The study suggested the reason why our everyday memory gets worse in lockdown is because we are living through a sort of Groundhog Day, which in turn makes it harder for our brain to lay down memories and retrieve them later on.  

“What we know about human memory is that the context is really important. You might be doing a job at home, chatting to a friend, or watching a movie,” Prof. Hayes said. “When we have those experiences, we might be focused on the main part of the experience, but our brain is actually encoding a lot of other things just incidentally, like where that’s happening, the location, where and when it’s taking place.”

He said our brain is sensitive to this background context, which helps us lay down our memories in a way that it’s easy for us to retrieve those experiences later on.

“So when the context is changing, which is does normally in everyday life when we are moving around and visiting different places in different times of the day, then it’s easy to lay down memories and recall them,” Prof. Hayes said. “But when you are in lockdown, your opportunities to move around in the environment and engage in different activities are very limited. 

And when you do get into that Groundhog Day cycle, just variations on the same thing each day, that’s when the days do tend to start blurring into each other, because we have the same context for each day.”

He said this makes it harder for our brain to separate those experiences and that’s one of the reasons why we experience memory fog during lockdown.

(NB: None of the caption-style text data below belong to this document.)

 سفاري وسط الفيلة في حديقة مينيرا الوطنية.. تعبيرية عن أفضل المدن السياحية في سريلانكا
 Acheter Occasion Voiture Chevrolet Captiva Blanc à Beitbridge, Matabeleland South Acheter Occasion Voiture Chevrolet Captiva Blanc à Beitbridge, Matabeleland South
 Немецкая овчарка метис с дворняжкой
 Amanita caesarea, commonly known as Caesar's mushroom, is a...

A study on a two-month lockdown in Scotland last year tasked recipients with online tasks to test their memory, decision making and selective attention.

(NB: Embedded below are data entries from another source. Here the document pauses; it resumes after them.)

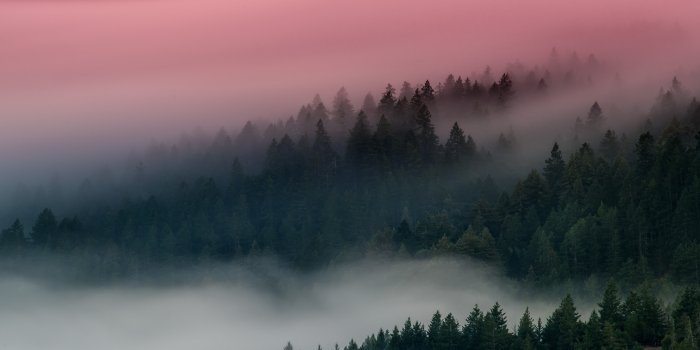 8255x5347 380+ 4K Fog Wallpapers | Background Images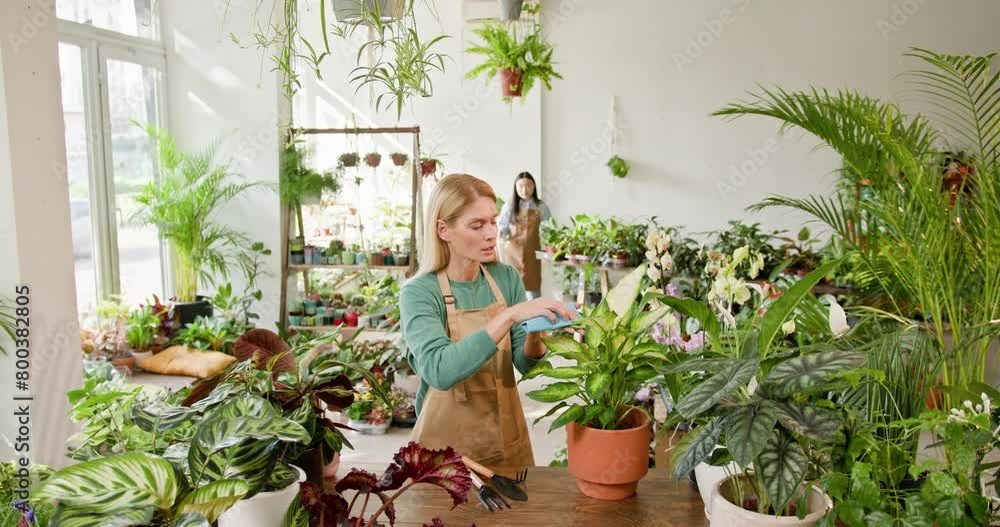 Two women, a shopkeeper and her employee work together harmoniously and amicably, wiping the leaves of plants in a store or workshop full of flowering plants Female Gardener Caring for Plants. Two women, a shopkeeper and her employee work together harmoniously and amicably, wiping the leaves of plants in a store or workshop full of flowering plants Female Gardener Caring for Plants.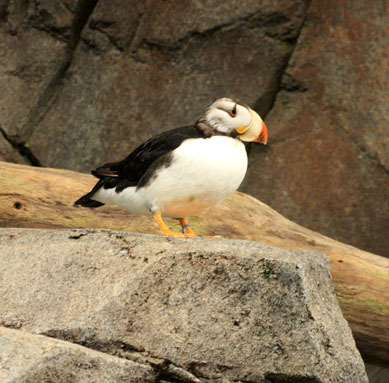 horned puffin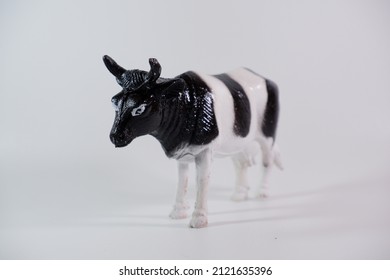 Miniature Cow In Black And White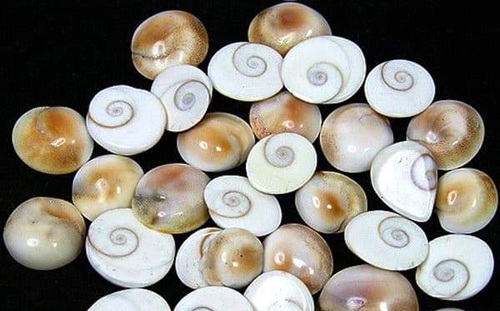 Real Gomti Chakra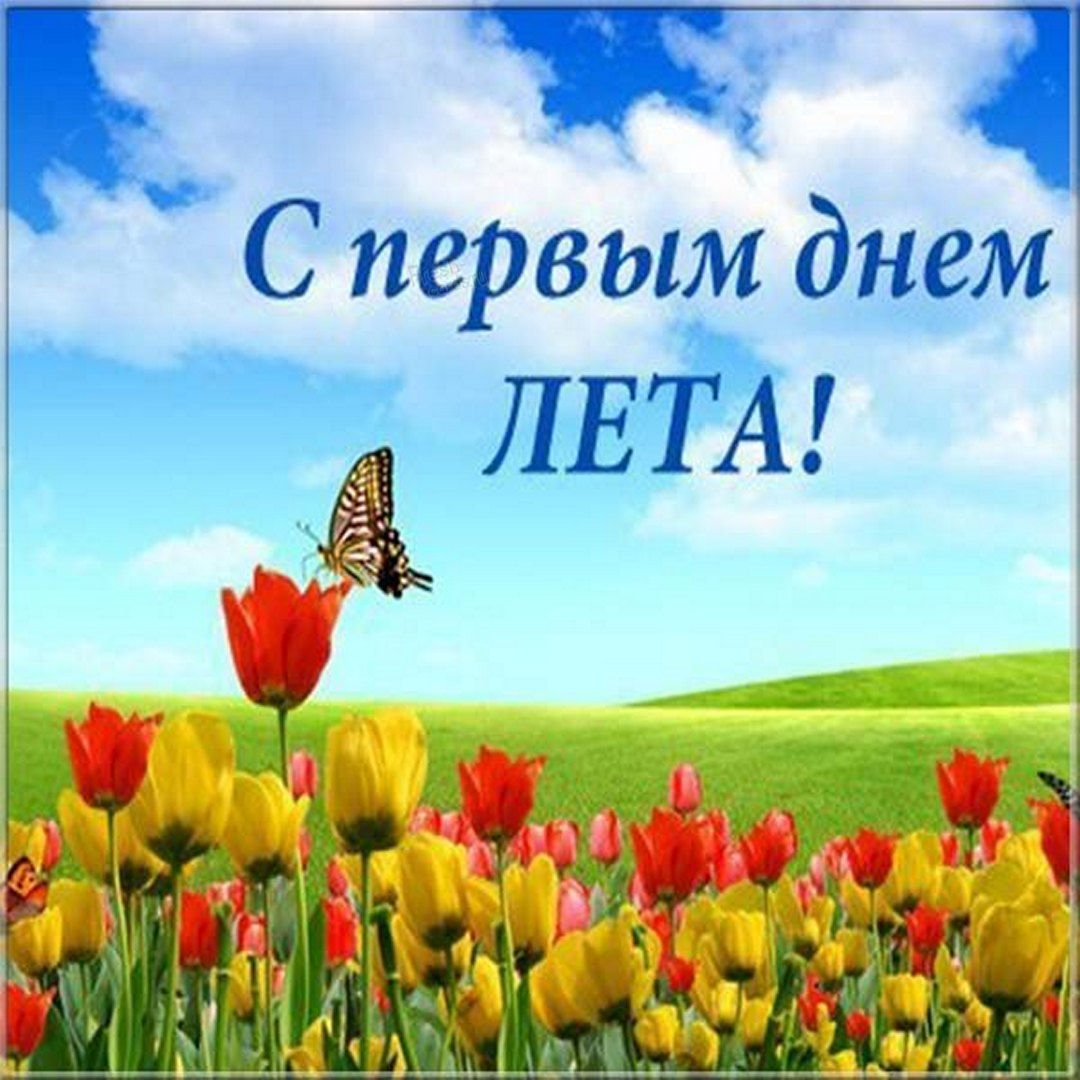 Многие с нетерпением ожидают первый день лета. Ведь дата 1 июня открывает собой целых три месяца красивой и живой природы.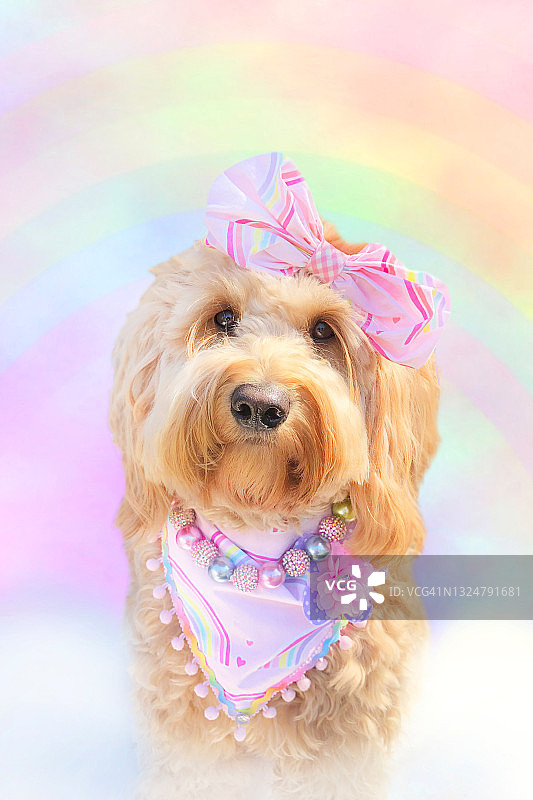 柔和的背景中可爱金毛贵宾犬幼犬与柔和的彩虹背景图片素材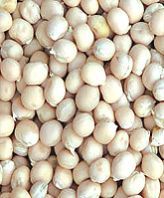 Yellow Peas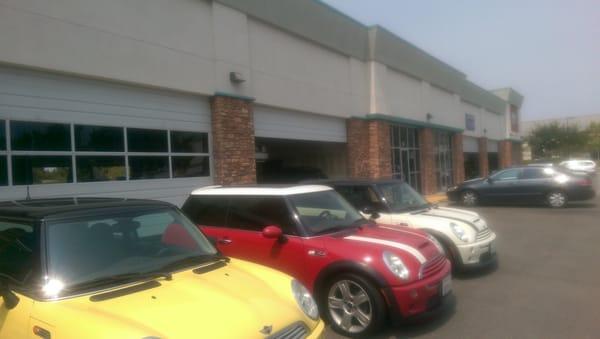 Mini Cooper Experts!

They found performance was poorer during lockdown, but once restrictions were eased, particularly the social isolation, they recovered quite quickly.

Levels of social interaction during lockdown were also correlated with cognitive performance.

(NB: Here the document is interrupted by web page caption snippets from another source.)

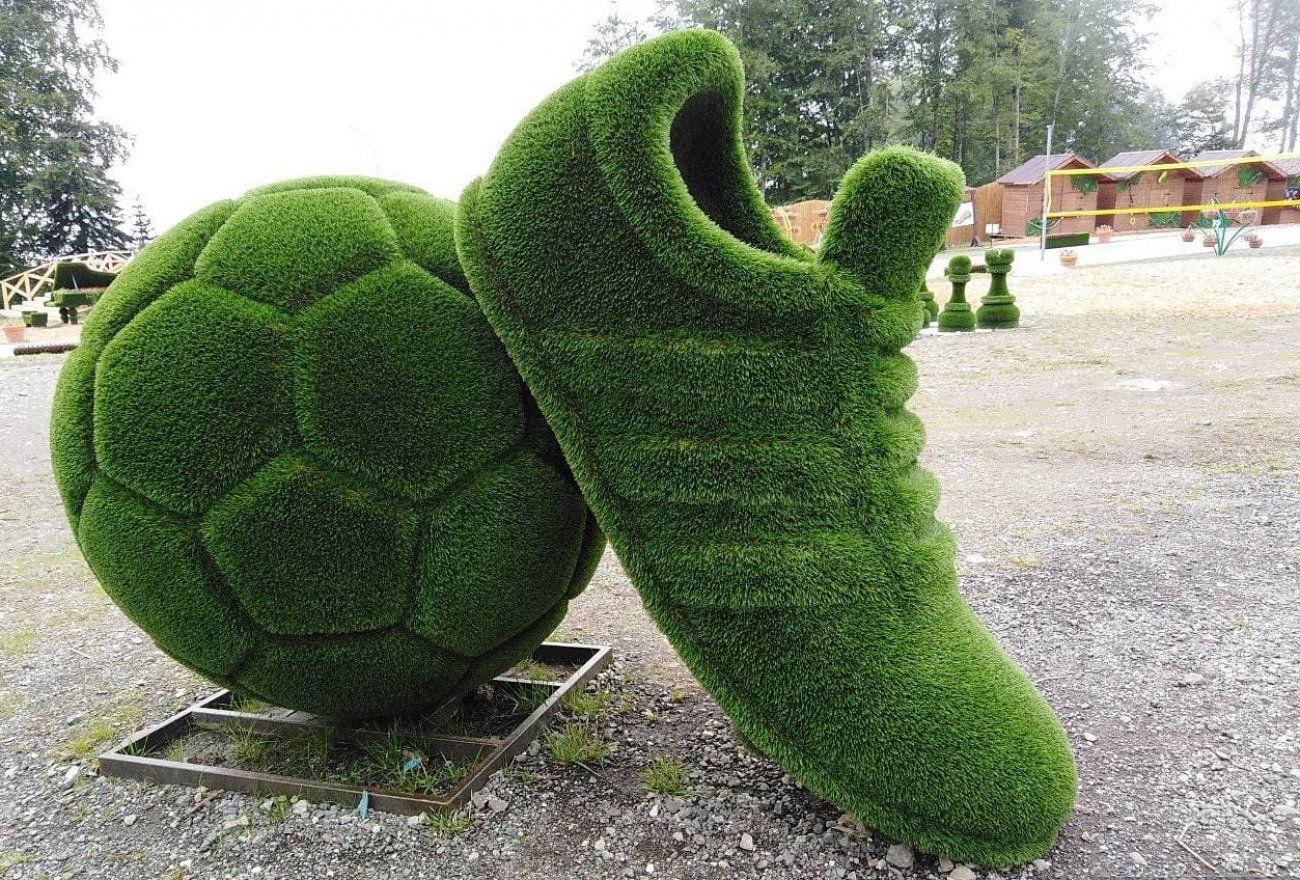 Топиари Мяч - вид 5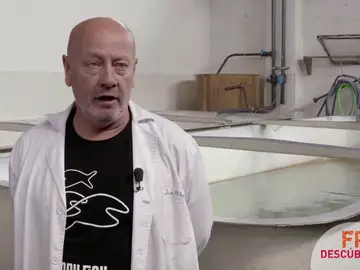 Una Formación Profesional que conciencie al alumnado de la realidad Una Formación Profesional que conciencie al alumnado de la realidad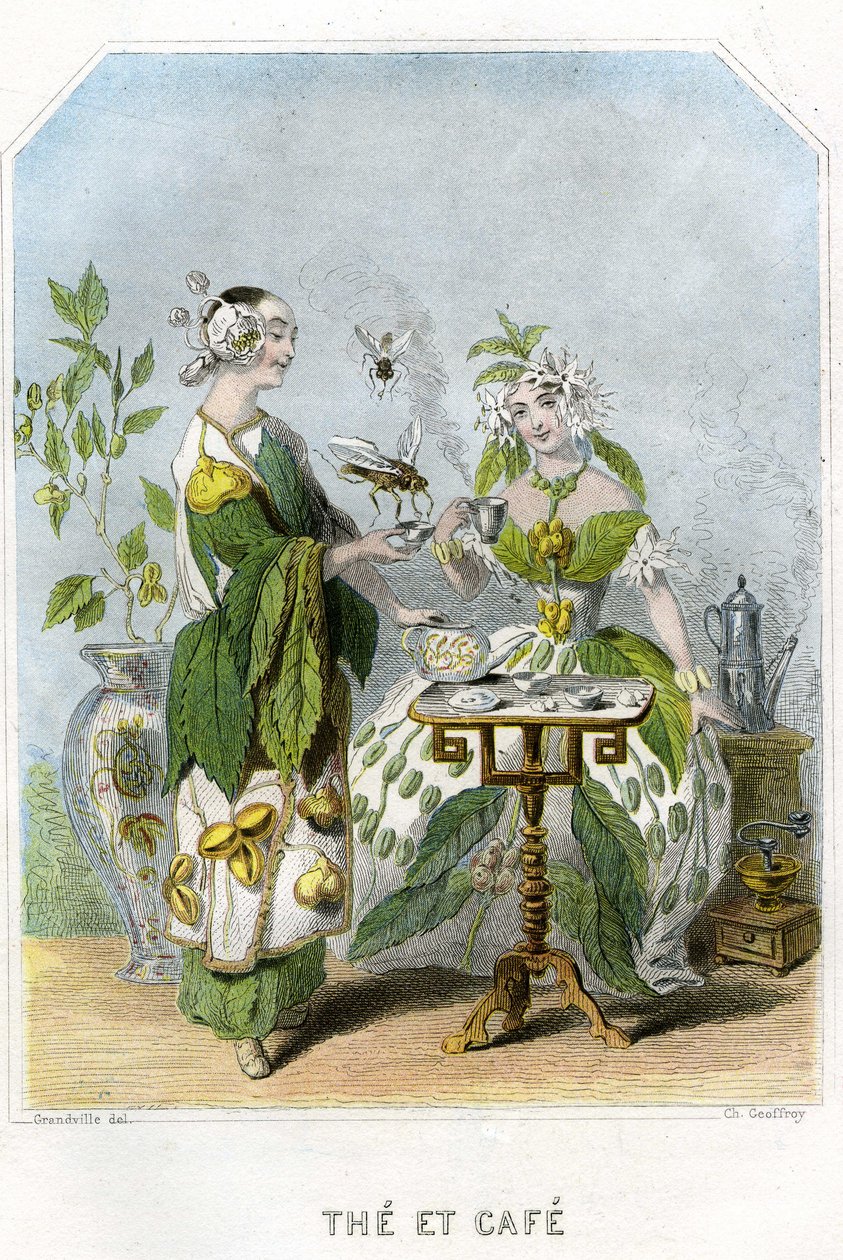Ilustración para "Les Fleurs Animees de Grandville (1803 47)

“People who were able to maintain their online interaction more during lockdown did better at these tasks,” he said. “So complete isolation is really very bad for our cognitive functioning, but if we can keep up that level of interaction to some degree with whoever is in our house or online, that seems to be good for our cognitive functioning.”

Researchers have also found that people who had conversations within the last three days were a bit more protected from cognitive issues during long lockdown.

Other studies are looking at how people’s options are limited in COVID and have pointed to the importance of having a bit of variation and exercise every day.

“From a memory point of view, if you are able to exercise outside the house, vary those exercise paths from day to day to just to allow a different context for your brain to encode those different days, if you want to be able to remember what you did from day to day a bit better,” Prof. Hayes said.

Variations on exercises and activities in your house or apartment will also help you avoid the memory fog.

Prof. Hayes said there is a close connection between good cognitive ability and physical activity.

“So keeping up regular exercise is good to try and keeping our memory and decision making in shape as much as you can during lockdown," he said.  “There’s some evidence that even if you are really restricted – even doing something like playing Exergames (online exercise games) where you watch a screen and jump around, that does show some benefits. The nice thing is that you can play with your family and so there’s a social dimension as well.”

Online yoga and dancing were things that people reported as part of their activity which, he said, seemed to have a beneficial effect on cognition.

“While there hasn’t been time to conduct research on the long term effects of lockdowns on memory, the evidence so far shows that as restrictions are eased, these cognitive issues should improve,” he said.